Your task>
Return exactly the lines that run from the one containing "Elegant Marquise Cubic" to the end of the entries, with both ends included.

Caption-style text data>

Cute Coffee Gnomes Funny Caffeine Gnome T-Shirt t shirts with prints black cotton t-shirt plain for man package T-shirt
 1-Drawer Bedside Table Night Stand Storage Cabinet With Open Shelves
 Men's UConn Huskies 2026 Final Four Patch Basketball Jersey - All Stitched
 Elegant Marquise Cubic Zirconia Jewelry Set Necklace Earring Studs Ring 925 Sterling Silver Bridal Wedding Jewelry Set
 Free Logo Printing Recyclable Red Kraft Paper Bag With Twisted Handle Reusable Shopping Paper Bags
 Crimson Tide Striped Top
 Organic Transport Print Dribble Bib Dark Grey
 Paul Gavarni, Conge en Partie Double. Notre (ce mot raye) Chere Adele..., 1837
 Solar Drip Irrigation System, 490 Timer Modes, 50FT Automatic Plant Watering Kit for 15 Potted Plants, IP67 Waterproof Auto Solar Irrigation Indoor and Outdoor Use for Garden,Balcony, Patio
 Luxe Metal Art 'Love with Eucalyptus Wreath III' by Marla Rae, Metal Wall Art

Written answer>
 Elegant Marquise Cubic Zirconia Jewelry Set Necklace Earring Studs Ring 925 Sterling Silver Bridal Wedding Jewelry Set
 Free Logo Printing Recyclable Red Kraft Paper Bag With Twisted Handle Reusable Shopping Paper Bags
 Crimson Tide Striped Top
 Organic Transport Print Dribble Bib Dark Grey
 Paul Gavarni, Conge en Partie Double. Notre (ce mot raye) Chere Adele..., 1837
 Solar Drip Irrigation System, 490 Timer Modes, 50FT Automatic Plant Watering Kit for 15 Potted Plants, IP67 Waterproof Auto Solar Irrigation Indoor and Outdoor Use for Garden,Balcony, Patio
 Luxe Metal Art 'Love with Eucalyptus Wreath III' by Marla Rae, Metal Wall Art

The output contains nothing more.